この厩舎は、スペインにおける乗馬の歴史においても非常に重要な場所です。ここはフェリペ二世が名高いコルドバ馬を選び、育成した場所として知られています。当時、世界各地から何百頭ものアンダルシア馬やアラブ馬が集められ、最高の馬を生み出すために丁寧に飼育されていました。もちろん、彼らは馬車を引く仕事にも従事していましたが、同時に軍事目的にも用いられていたのです。

これは、スペイン帝国が「太陽の沈まぬ帝国」と呼ばれていた時代のことだと思います。当時の光景は、まさに壮観だったに違いありません。有名な作家フェデリコ・ガルシーア・ロルカは、この厩舎を「馬たちのための大聖堂」と呼びました。
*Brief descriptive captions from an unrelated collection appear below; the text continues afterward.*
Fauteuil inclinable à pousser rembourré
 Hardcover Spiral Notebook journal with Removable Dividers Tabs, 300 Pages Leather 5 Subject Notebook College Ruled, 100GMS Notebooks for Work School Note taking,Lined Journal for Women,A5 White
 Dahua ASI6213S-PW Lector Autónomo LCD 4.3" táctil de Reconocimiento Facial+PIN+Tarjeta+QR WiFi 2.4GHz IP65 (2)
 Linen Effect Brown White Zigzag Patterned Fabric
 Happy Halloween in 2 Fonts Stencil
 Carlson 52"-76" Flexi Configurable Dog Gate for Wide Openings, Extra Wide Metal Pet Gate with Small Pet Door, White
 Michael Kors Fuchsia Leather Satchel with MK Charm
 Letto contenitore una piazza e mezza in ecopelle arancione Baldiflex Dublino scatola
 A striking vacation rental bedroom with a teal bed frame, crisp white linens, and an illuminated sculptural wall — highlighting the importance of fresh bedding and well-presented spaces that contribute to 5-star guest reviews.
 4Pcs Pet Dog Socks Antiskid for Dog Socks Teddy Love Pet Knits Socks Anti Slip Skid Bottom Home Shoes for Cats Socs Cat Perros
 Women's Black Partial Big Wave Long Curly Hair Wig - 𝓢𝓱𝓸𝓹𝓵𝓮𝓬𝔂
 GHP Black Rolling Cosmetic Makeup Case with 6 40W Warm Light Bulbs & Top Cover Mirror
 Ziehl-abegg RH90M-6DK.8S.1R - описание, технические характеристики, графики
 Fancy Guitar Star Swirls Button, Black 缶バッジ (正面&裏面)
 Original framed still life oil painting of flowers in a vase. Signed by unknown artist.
1734年に火災が発生し、この建物は外壁と内側のファサードを除いてほとんど焼失してしまったのは残念なことです。もちろんその後修復され、今では美しい姿を取り戻していますが、それでも当時の様子を想像せずにはいられません。

今回のキャンペーンでイスタンを重要な存在として登場させると決めたとき、私はこの厩舎を舞台にしなければならないとすぐに感じました。ここ以上に、自分の受け継いできた遺産、伝統、クラフトと品質への愛、そしてそれらすべてをイスタンと結びつけて表現できる場所はないと思っています。

インタビュアー:本日はお時間をいただき、ありがとうございました、ソニアさん。これから発表されるコレクション、そしてあなたの世界についてさらにお話を伺えるのを楽しみにしています。